**Data shown**
+ + + + + + +
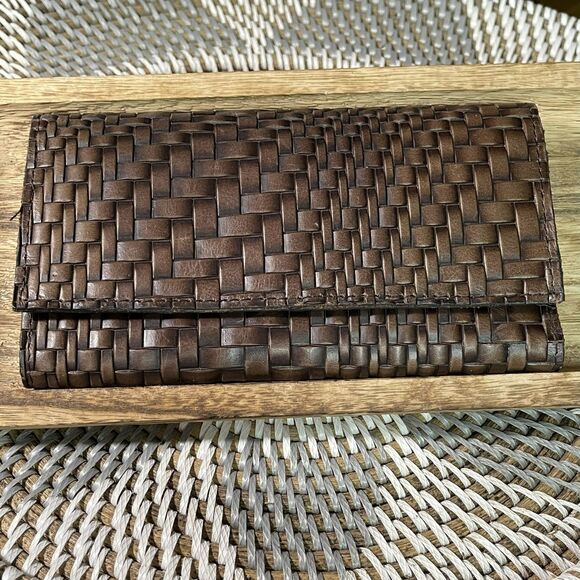 Patricia Nash Brown Basketweave Italian Leather Trifold Wallet - Picture 1 of 7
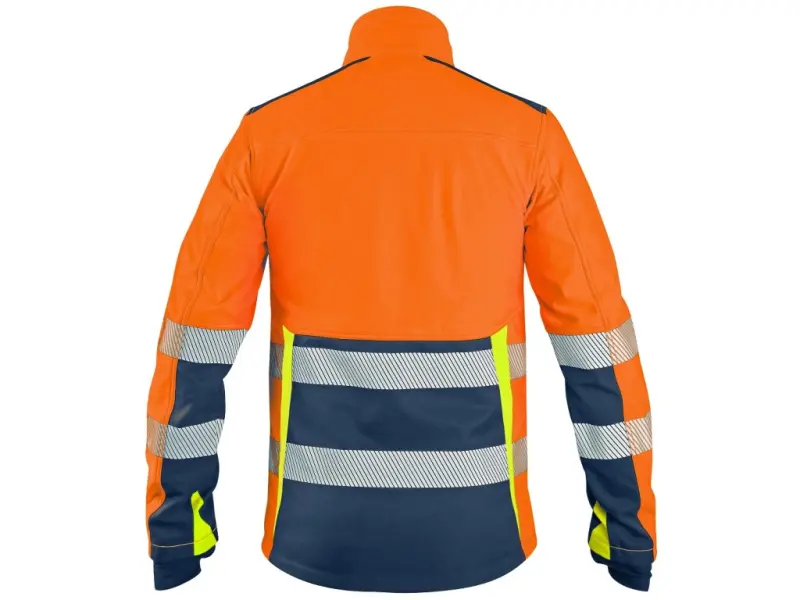 Bunda CXS BENSON, výstražná, softshell, pánská, oranžovo-modrá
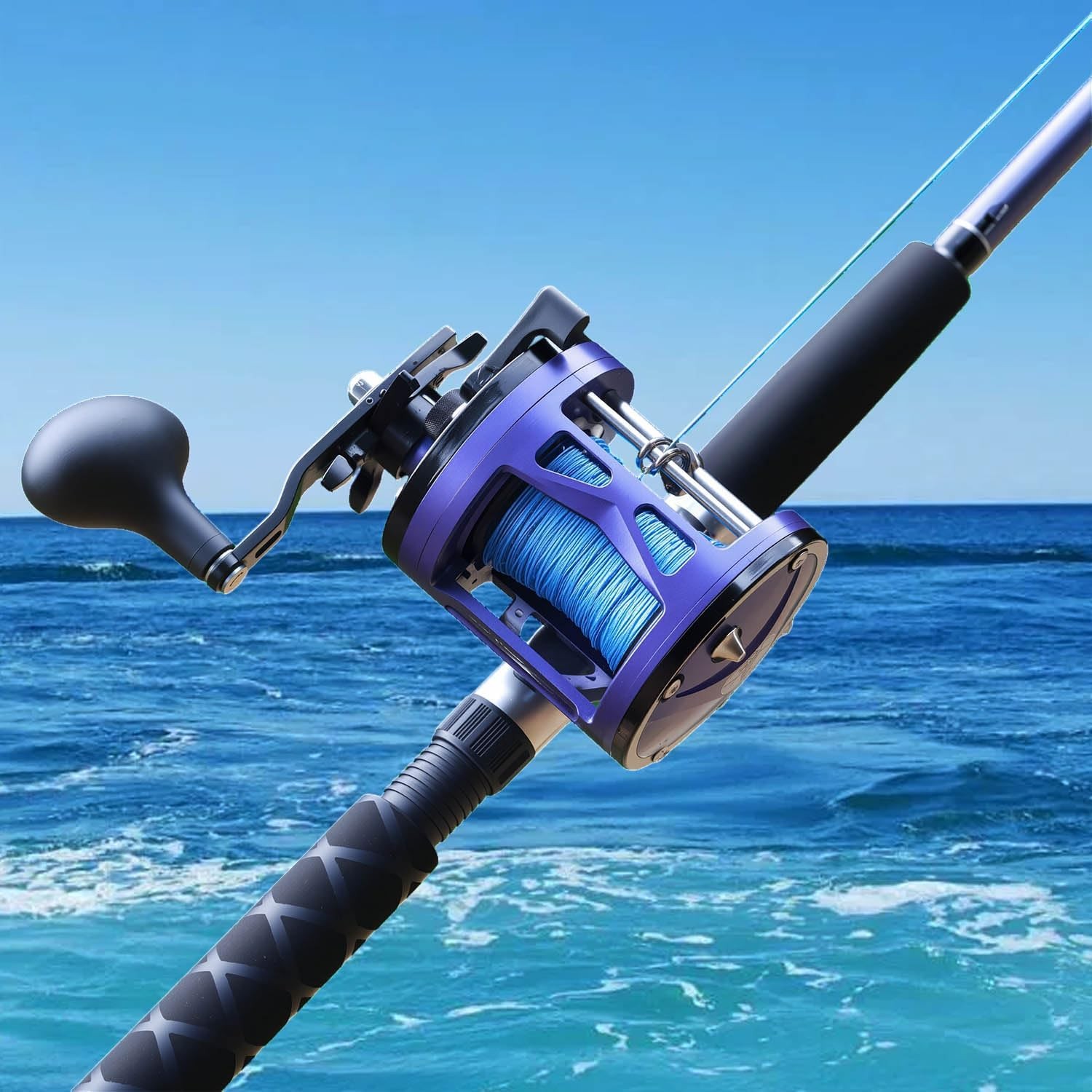 Spinning Rods Strong Carbon Glass Composite Fishing Pole W/ Stainless Steel Line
+ + + + + + +
**Task directions**
Would you copy out every line of the data above exactly, minus the pictures?

**Problem solution**
 Patricia Nash Brown Basketweave Italian Leather Trifold Wallet - Picture 1 of 7
 Bunda CXS BENSON, výstražná, softshell, pánská, oranžovo-modrá
 Spinning Rods Strong Carbon Glass Composite Fishing Pole W/ Stainless Steel Line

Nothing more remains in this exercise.